En pleine urgence climatique, l'UFC rappelle que "sur longue distance, le train est de loin le mode de transport le plus vertueux, en citant l'Ademe : "Un trajet en TGV n'émet en moyenne que 2,9 grammes de CO2 par passager-kilomètre, contre environ 331 g pour l'avion de courte distance et jusqu'à 256 g pour une voiture utilisée en solo (128 g pour deux passagers et 64 g pour quatre passagers)".

Dans un document publié le même jour, le Réseau Action Climat (RAC), citant un rapport de Greenpeace attendu cet été, a élargi la problématique aux liaisons européennes, où "le train est en moyenne 2,5 fois plus cher que l'avion", une "aberration totale" selon le groupe. "Sur la liaison Paris-Rome, qui transporte plus de 2 millions de passagers aériens chaque année, le billet d'avion le plus bas se trouve autour de 70 euros en moyenne, contre 210 euros pour un billet de train", note le RAC. Ce dernier, pour rééquilibrer la concurrence, plaide pour "la fin des niches fiscales aériennes" en augmentant la taxe sur les billets d'avion à un niveau qui compenserait l'absence de taxe sur le kérosène.

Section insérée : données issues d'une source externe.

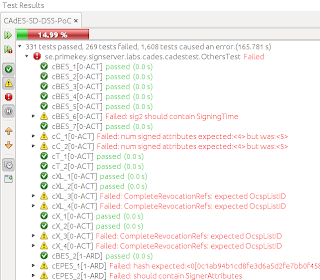 JUnit test results (NetBeans IDE)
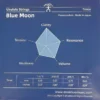 Struny aNueNue Blue Moon Tenor high G back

Le RAC voudrait ainsi financer la subvention d'un billet de train par an à tarif réduit (29 euros aller-retour) pour "tous les Français", relancer "vraiment" les trains de nuit, en particulier les liaisons entre les régions (par exemple, Marseille-Nantes, Lyon-Bordeaux, Nice-Strasbourg), et abaisser les péages ferroviaires pour le TGV, qui réduisent sa compétitivité, "à commencer par les liaisons internationales et transversales (région-région)".